Pada kehamilan, kerja-tambahan obat pada uterus membawa makna yang sangat penting. Setiap obat yang menstimulasi kontraktilitas uterus harus dihindari; obat-obat ini meliputi preparat laksatif stimulan, misoprostol dan semua obat yang secara kimia ada kaitannya dengan ergotamin.
Kelompok obat yang terakhir ini mencakup obat-obat yang diresepkan untuk migrain seperti sumatriptan, dan dengan demikian kelompok obat tersebut merupakan kontraindikasi pada kehamilan serta laktasi (Pfaffenrath & Rehm, 1998). Obat-obat ini sering diresepkan atas dasar ‘jika diperlukan’ dan disimpan serta digunakan bila terjadi serangan migrain;
ibu hamil harus berhati-hati untuk tidak menggunakan obat-obat tersebut secara terus-menerus selama kehamilannya.

Kerja Dan Efek Samping Obat

Umumnya kerja dan efek samping obat tidak dipengaruhi oleh cara pemberian. Akan tetapi, awitan efek yang merugikan dapat jauh lebih cepat bila obat tersebut disuntikkan intravena sehingga diperlukan tindakan penjagaan ekstra.
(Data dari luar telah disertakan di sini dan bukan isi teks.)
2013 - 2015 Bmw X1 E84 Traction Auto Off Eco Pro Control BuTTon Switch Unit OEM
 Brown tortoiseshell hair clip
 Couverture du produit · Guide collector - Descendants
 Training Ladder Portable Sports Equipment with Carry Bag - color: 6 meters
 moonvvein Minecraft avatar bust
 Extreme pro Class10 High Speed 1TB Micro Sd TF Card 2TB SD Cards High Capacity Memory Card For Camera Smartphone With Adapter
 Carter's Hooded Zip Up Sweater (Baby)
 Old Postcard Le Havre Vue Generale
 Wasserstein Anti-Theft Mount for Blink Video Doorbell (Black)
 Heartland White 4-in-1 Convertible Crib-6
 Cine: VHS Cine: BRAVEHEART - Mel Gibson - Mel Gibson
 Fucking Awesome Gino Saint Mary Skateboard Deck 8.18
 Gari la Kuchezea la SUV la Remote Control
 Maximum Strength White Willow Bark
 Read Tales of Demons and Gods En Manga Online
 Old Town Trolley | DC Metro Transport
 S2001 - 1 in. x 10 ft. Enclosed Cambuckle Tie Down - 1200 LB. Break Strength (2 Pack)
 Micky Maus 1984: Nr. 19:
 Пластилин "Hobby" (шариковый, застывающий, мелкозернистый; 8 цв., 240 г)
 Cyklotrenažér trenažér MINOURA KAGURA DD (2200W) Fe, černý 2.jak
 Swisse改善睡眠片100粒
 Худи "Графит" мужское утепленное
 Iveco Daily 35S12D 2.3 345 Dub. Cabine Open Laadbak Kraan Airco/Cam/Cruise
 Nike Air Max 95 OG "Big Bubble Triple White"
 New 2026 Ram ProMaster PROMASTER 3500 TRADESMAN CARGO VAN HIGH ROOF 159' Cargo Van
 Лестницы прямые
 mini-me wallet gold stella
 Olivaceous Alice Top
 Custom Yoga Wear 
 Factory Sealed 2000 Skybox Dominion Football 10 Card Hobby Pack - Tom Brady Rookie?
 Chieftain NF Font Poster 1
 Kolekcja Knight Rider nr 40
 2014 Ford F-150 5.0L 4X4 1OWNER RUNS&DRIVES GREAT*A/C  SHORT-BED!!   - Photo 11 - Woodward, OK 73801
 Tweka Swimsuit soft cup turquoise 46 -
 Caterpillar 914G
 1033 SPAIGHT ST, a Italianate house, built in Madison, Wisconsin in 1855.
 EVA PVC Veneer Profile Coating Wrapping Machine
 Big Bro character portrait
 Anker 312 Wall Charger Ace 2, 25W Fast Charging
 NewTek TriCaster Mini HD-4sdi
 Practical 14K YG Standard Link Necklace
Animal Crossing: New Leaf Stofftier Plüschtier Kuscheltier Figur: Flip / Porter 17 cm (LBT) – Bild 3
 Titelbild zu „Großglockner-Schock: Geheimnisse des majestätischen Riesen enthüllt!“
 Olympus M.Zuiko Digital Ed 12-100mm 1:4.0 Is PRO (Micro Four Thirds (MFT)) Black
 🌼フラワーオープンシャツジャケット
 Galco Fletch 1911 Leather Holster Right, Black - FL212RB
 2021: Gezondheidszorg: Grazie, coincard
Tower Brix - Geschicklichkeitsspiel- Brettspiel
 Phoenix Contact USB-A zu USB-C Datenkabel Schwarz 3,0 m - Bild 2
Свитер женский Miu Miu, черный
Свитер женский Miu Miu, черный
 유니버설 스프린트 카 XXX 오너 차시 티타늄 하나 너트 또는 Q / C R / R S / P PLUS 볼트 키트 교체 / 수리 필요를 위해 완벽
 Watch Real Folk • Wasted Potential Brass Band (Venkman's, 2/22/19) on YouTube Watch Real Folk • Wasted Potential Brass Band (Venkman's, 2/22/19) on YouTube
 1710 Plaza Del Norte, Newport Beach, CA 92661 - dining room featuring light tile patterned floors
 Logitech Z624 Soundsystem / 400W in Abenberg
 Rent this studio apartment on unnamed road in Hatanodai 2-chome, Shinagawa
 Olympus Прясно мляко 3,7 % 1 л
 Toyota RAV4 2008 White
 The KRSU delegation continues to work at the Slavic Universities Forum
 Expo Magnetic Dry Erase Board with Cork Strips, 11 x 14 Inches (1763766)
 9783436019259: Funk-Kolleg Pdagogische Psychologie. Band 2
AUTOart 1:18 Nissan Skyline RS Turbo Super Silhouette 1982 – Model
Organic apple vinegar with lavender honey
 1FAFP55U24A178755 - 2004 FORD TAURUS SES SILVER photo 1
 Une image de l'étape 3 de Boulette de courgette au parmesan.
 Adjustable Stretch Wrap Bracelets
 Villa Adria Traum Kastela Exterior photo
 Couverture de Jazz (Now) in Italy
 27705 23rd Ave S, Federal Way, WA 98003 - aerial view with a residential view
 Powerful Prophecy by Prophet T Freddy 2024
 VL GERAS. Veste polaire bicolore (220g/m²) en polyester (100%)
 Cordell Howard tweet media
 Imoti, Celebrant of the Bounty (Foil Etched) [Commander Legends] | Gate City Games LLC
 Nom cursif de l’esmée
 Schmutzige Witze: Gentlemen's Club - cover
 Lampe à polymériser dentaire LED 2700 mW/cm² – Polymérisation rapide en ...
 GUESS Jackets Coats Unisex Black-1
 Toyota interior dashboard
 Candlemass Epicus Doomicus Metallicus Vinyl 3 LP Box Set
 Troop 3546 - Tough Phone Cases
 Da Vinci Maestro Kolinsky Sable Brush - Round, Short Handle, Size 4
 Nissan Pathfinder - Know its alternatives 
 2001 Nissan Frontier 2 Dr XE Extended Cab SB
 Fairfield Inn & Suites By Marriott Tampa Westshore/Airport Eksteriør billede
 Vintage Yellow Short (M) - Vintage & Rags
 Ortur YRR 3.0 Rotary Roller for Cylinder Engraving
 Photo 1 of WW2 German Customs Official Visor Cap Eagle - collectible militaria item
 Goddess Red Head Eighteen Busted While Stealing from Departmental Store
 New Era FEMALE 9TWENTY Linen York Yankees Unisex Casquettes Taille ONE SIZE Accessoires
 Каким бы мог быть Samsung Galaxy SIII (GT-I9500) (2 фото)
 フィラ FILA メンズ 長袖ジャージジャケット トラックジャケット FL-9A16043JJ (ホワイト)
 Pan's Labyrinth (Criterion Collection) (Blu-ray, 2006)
Sebagai contoh ilustratif akan dikemukakan ampisilin dan diazepam.
Ampisilin
      Penyuntikan ampisilin intravena menimbulkan beberapa masalah yang
potensial yang tidak dijumpai pada pemberian per oral (Gahart, 1992):
• Dalam cairan infus, ampisilin tidak dapat bercampur dengan banyak obat yang lain,misalnya gentamisin.          
• Kerja ampisilin dapat menghilang jika terkena tetrasiklin atau eritromisin.
• Potensiasi heparin dapat terjadi bila preparat ini terkena ampisilin.            
• Serangan kejang dapat terjadi jika penyuntikan ampisilin dilakukan terlalu cepat, khususnya pada neonatus dan pasien gangguan ginjal.          
• Reaksi hipersensitivitas yang terjadi cenderung sangat parah. Pasien yang mendapatkan preparat penyekat-beta (mis. labetolol) berisiko untuk mengalami reaksi hipersensitivitas.
Diazepam
Penyuntikan diazepam intravena sangat penting untuk mengendalikan serangan kejang. Akan tetapi, tindakan ini dapat menyebabkan beberapa masalah yang biasanya tidak terlihat pada pemberian per oral:
• Depresi pernapasan dapat terjadi pada individu yang rentan. Karena itu, dukungan respirasi harus sudah disediakan dahulu untuk digunakan dalam keadaan emerjensi.
• Diazepam tidak dapat diencerkan atau dicampur dengan obat lain atau
cairan infus.
• Diazepam cenderung mengendap pada selang infus dan dengan demikian obat ini sedapat mungkin disuntikkan langsung ke dalam pembuluh vena.
• Diazepam bersifat iritan sehingga penyuntikan pada pembuluh vena yang kecil hams dihindari; kebocoran pada penyuntikan diazepam merupakan keadaan yang berbahaya. Terdapat risiko tromboflebitis yang tinggi.
• Preparat sedatif lain (mis. petidin) dapat menimbulkan potensiasi; karena itu, dukungan. respirasi harus sudah tersedia. Tirah baring harus dipertahankan selama tiga jam sesudah penyuntikan.
• Setelah pemberian dengan dosis tinggi, gejala putus obat (seperti ansietas, insomnia, fotofobia, tinitus dan mual) dapat berlangsung selama beberapa minggu.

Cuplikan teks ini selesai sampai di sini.